- PROBLEM STATEMENT -
Repeat the full listing below verbatim and keep the images out.

- RAW DATA -
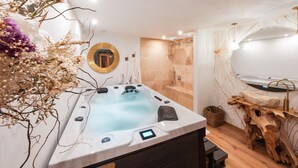 A modern bathroom with a hot tub, a wooden vanity, and a large mirror.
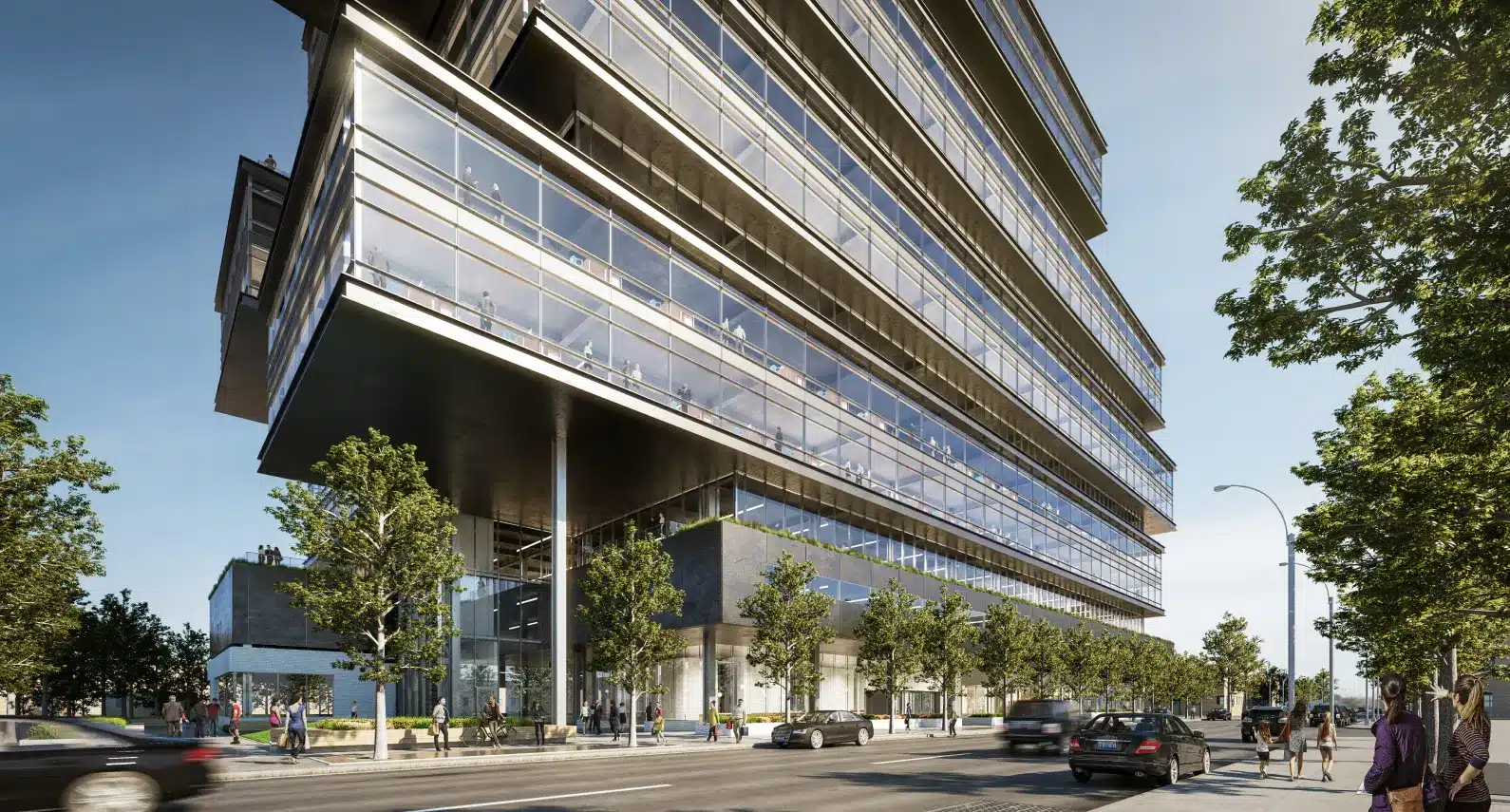 Modern office building with stacked glass floors and a pedestrian-friendly streetscape
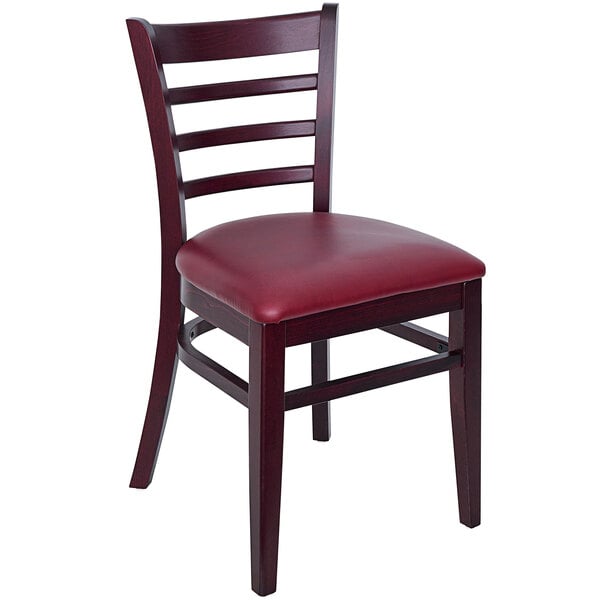 A BFM Seating wooden ladder back chair with a burgundy vinyl seat.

- EXPECTED ANSWER -
 A modern bathroom with a hot tub, a wooden vanity, and a large mirror.
 Modern office building with stacked glass floors and a pedestrian-friendly streetscape
 A BFM Seating wooden ladder back chair with a burgundy vinyl seat.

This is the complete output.